Quant à la volonté politique, on aimerait qu’elle soit plus entreprenante et courageuse. En un mot, qu’elle soit plus simple. Car, dans ce domaine, la simplicité permet de clarifier les données du problème alors que la complexité tend, volontairement, à les masquer. Tout d’abord, deux règles s’imposent pour ce nouveau « modèle français ». La première est que pour réformer (ce qui est une obligation), il faut du changement. En clair : on ne peut affirmer qu’il faut changer tout en assurant que rien ne sera changé ! Aucun « modèle » importé ou imaginé par nous-mêmes ne peut, en effet, en l’état actuel des choses nous permettre de garder nos acquis sociaux en totalité au vu de l’organisation économique et sociale à mettre en place. Il faut donc faire des choix dans les acquis que l’on souhaite prioritairement sauvegarder. Exemple parmi d’autres : on ne peut garder une protection sociale aussi solide sans revoir le temps de travail (durée hebdomadaire, âge de la retraite, etc.). Dire le contraire, c’est peut-être « politiquement correct » mais c’est « honnêtement et courageusement incorrect », c’est mentir à notre citoyen de base qui rêve encore et toujours que l’on finira bien par trouver cette potion miracle même s’il commence à douter quelque peu de tous les Panoramix de pacotille qui lui annoncent depuis plus de trente ans son invention imminente.
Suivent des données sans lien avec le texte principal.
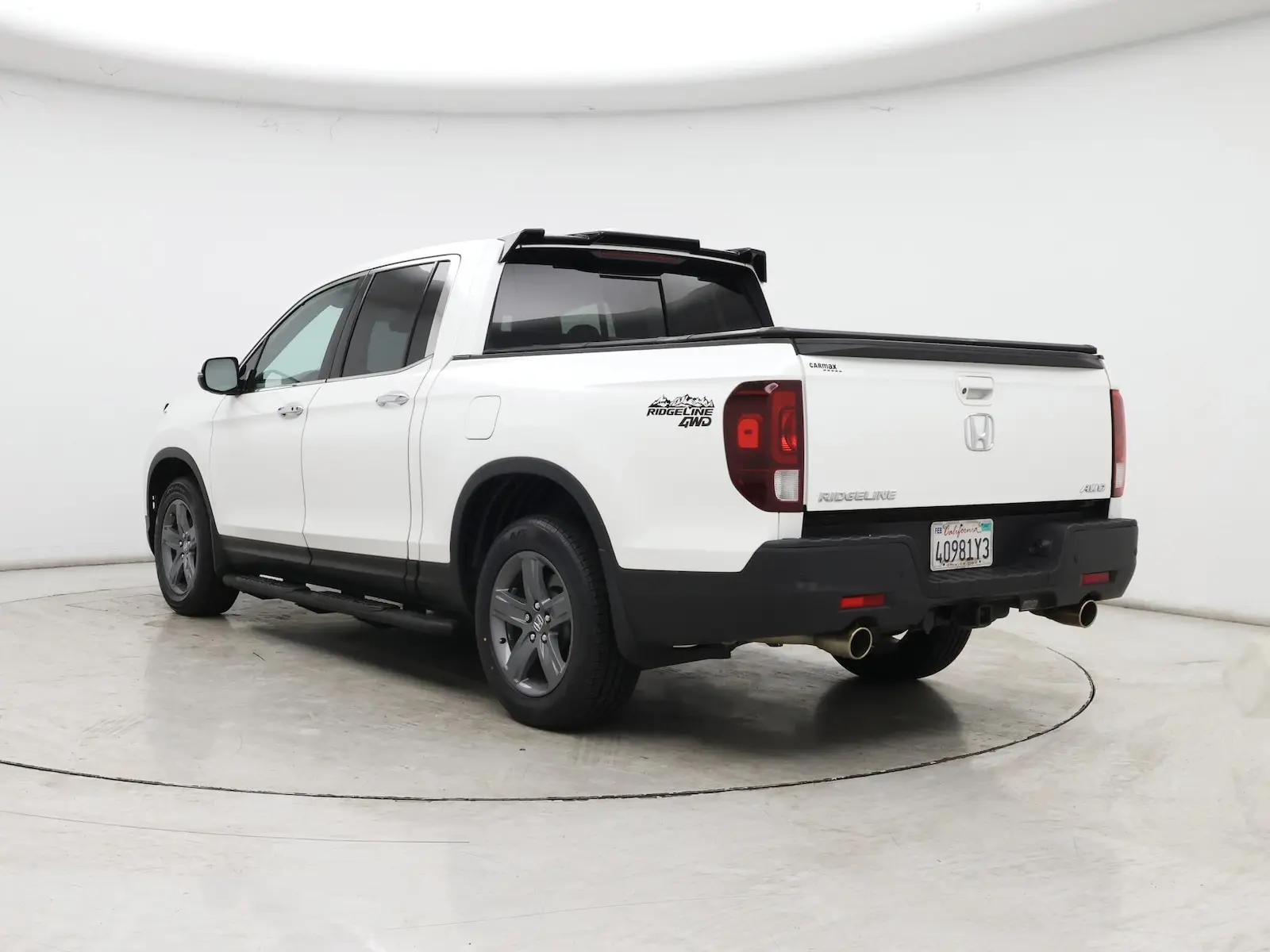 2021 Honda Ridgeline RTL AWD E photo 3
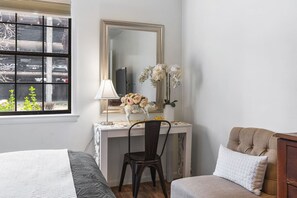 1 habitación, escritorio, tabla de planchar con plancha y wifi gratis 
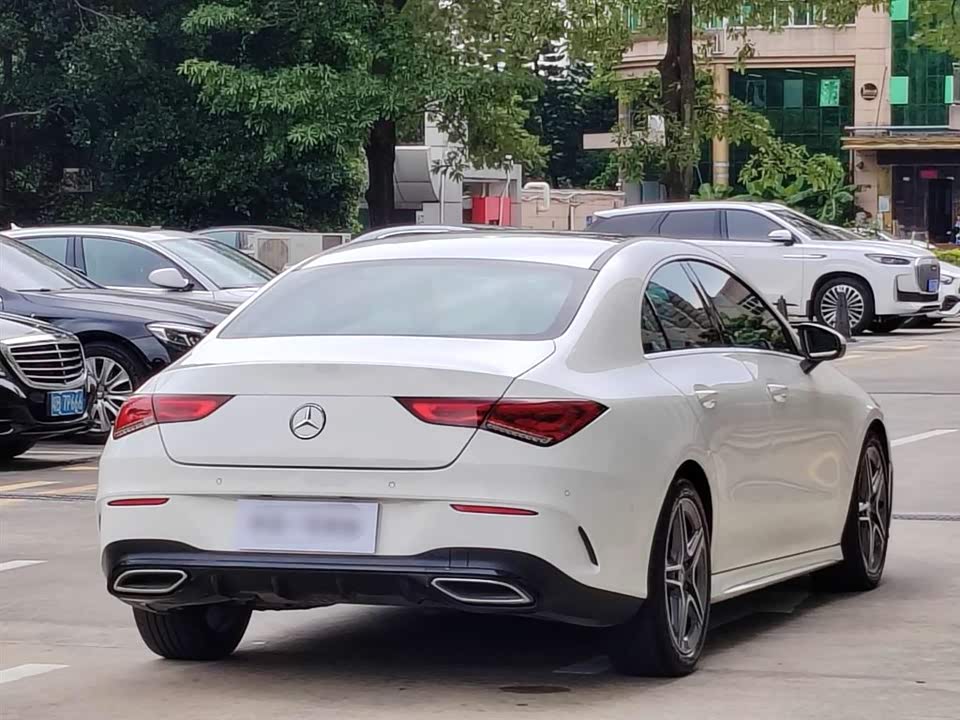 Mercedes-Benz CLA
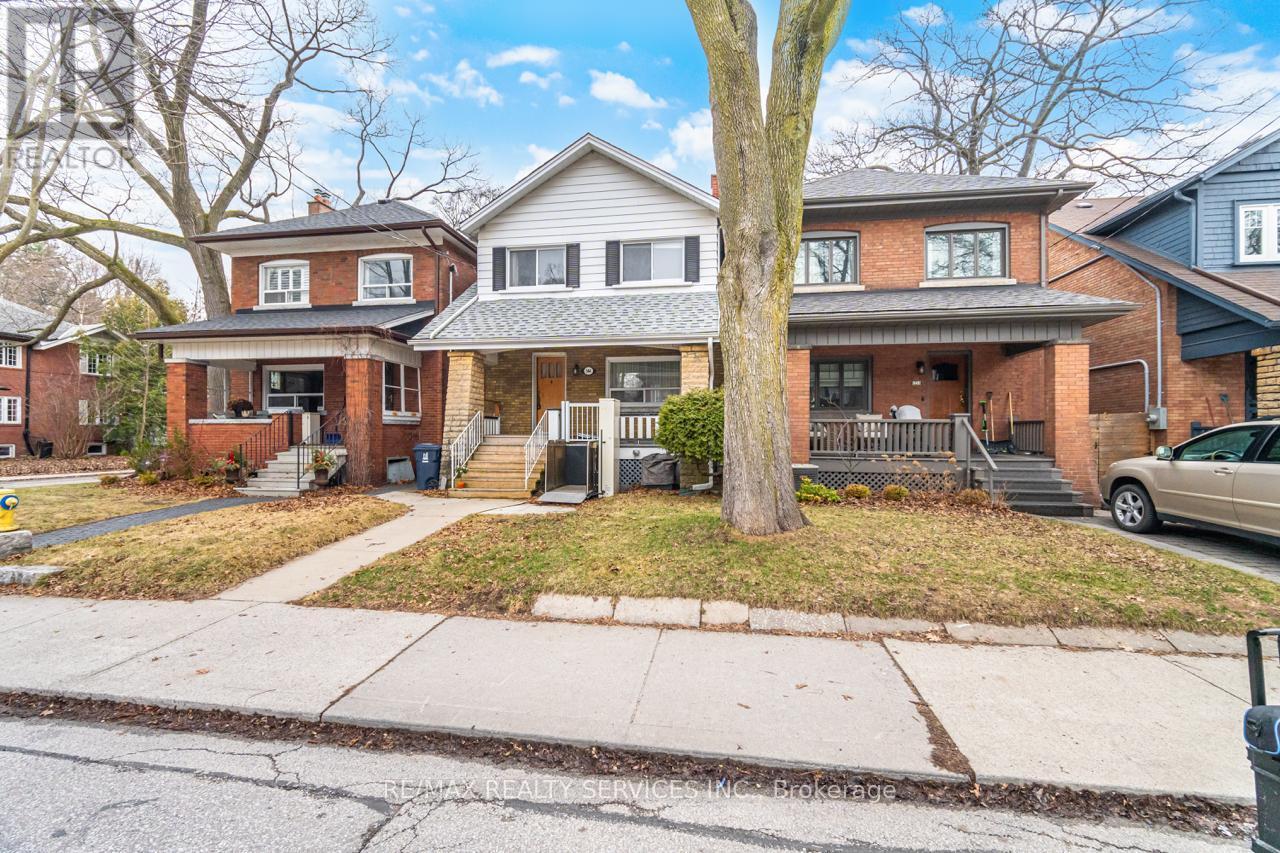 544 Windermere Avenue, Toronto, Ontario  M6S 3L7 - Photo 5 - W12948472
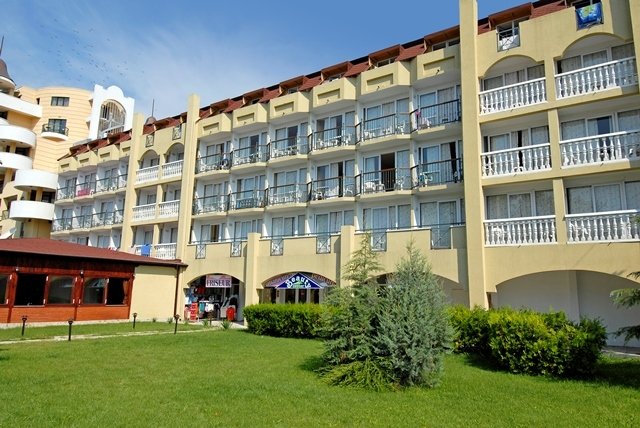 Hotel Amfora Club v Bulharsku.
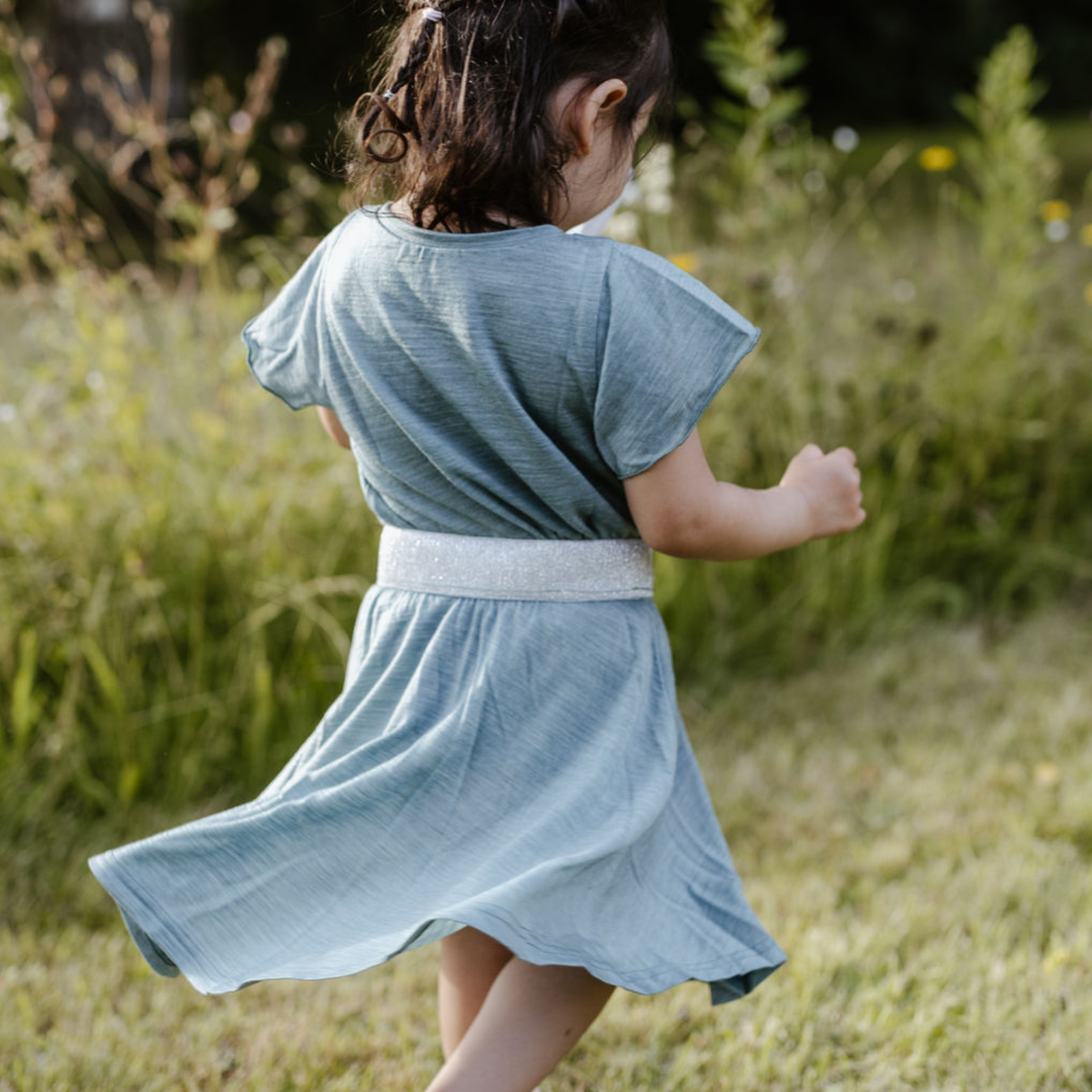 Sommermerino Kinderbluse mit Flügelärmeln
La deuxième règle, c’est que nous sommes engagés dans une compétition mondiale. Et que, dans toute compétition, l’important est d’observer ce que font les autres concurrents pour adapter sa stratégie en vue de la victoire. En clair : nous vivons dans un monde globalisé où nous devons nous adapter pour conserver et améliorer à terme nos acquis et non demander une illusoire adaptation du monde à ce que nous sommes (ce que nous avons pourtant fait, entre nous soit dit, en rejetant la constitution européenne). Lorsque nous serons réellement prêts politiquement à respecter ces deux règles, nous aurons franchi le premier pas de notre réconciliation économique.
Néanmoins, avant de (re)construire un « modèle », peut-être faudrait-il s’atteler à définir une vraie politique et de s’y tenir. L’invocation du « modèle » ne serait alors qu’un nouveau dérivatif à l’absence d’idées et de courage. Car, ne l’oublions pas, le « modèle » n’est que le produit d’une politique. En France, sous le même Président de la République, nous n’avons pas eu de politique réfléchie mais toute la panoplie des politiques économiques basiques que l’on apprend aux lycéens, du libéralisme à l’étatisme en passant par le keynésianisme avec des mélanges souvent comiques. Et l’on se gaussera, sans doute, de l’appel du 14 juillet en faveur de la recherche et de l’innovation en pensant que nos chercheurs sont dans la rue depuis deux ans en demandant plus de crédits et que l’innovation est en perte de vitesse en France alors que tout bon économiste sait que le système ne peut croître que grâce à elle… A moins qu’il ne faille en pleurer ?!